Tuesday, August 31, 2010

Smile


I drew this a few years ago when I was in a weird time in my life, trying to figure out my priorities. One thing consistently came up. Perfect strangers had told me I looked sad or upset. A man even jokingly offered a quarter if I would just smile once. I took the hint. So this drawing was done as a visual manifestation of what I needed. Something simple, but important.

I wanted to smile more.

Smiling does come easier now, with friends, family, and memories. But looking at this drawing as I am today, I realized something.

The most genuine smile always comes from "that feeling."

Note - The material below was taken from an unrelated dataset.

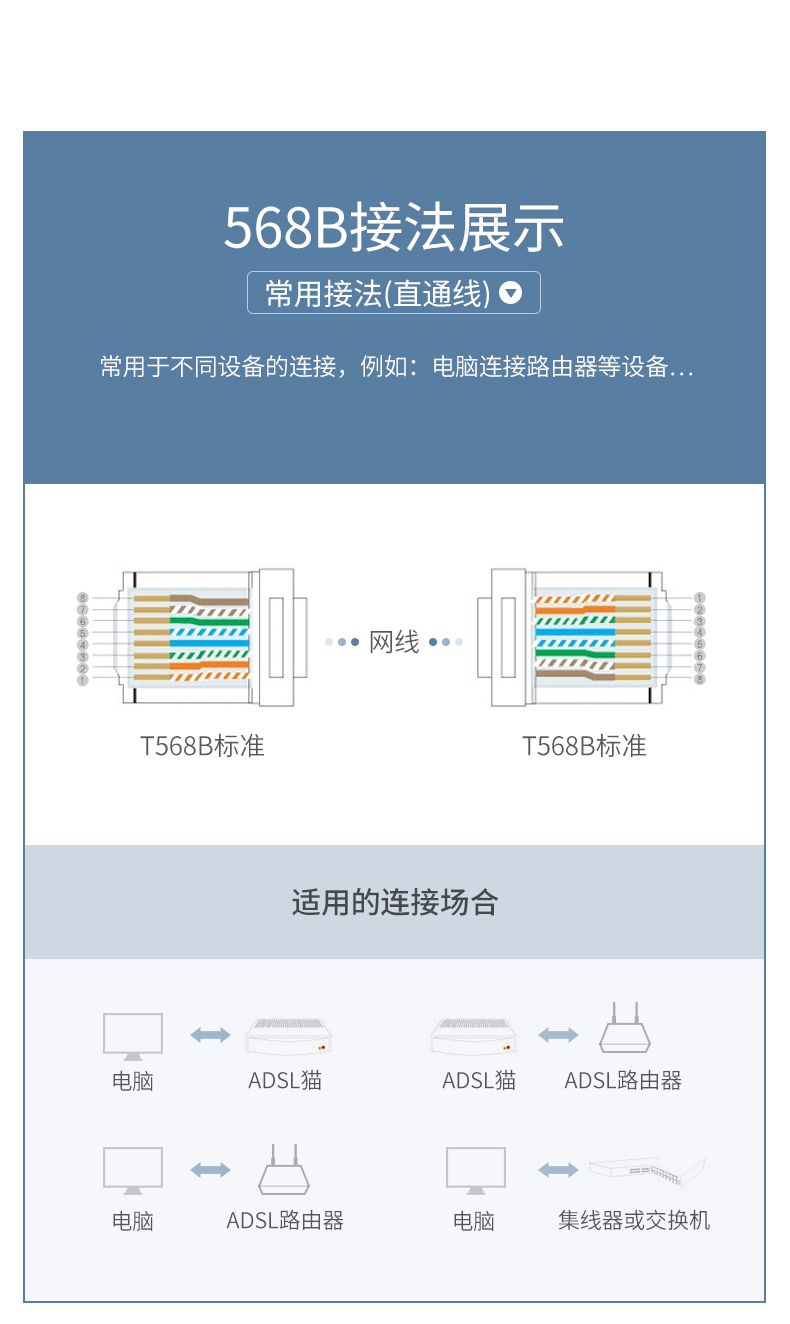 意昂2网线压线钳 网络宽带安装钳
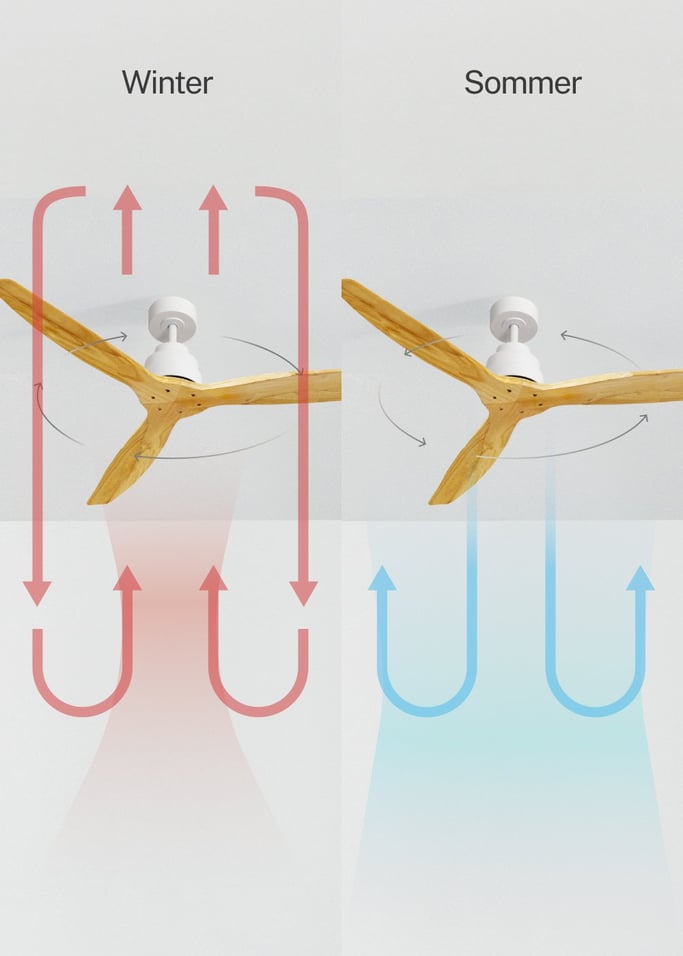 WIND STYLANCE - Leiser Deckenventilator 40W 100% Holz verschiedene Größen, Galeriebild 3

I don't know what to call it. Love? Seems too romantic. Passion? Too strong. It's a more of a deep, slow-burning affection. A sincerity. A warmth that starts in the chest, bubbles up and out into the arms, the hands, the fingers, and flows out to the paper. And sometimes just enough reaches the lips, which curl into a quiet smile. If the pen is being particularly clever that day, it might even turn to laughter.

That feeling is what brings out the greatest smile, and the greatest drawings.

Which is why I think most people I know haven't seen it, my genuine smile. The things that draw it out are mostly art and music, things I tend to cultivate alone, lest I be labeled the aloof artist in a social setting. And to be honest, many of my friends and family aren't on the same wavelength as me with this sort of thing.

The result is me, pencil in hand, smiling to myself.

Is it a little lonely? Yes. But it's a step in the right direction.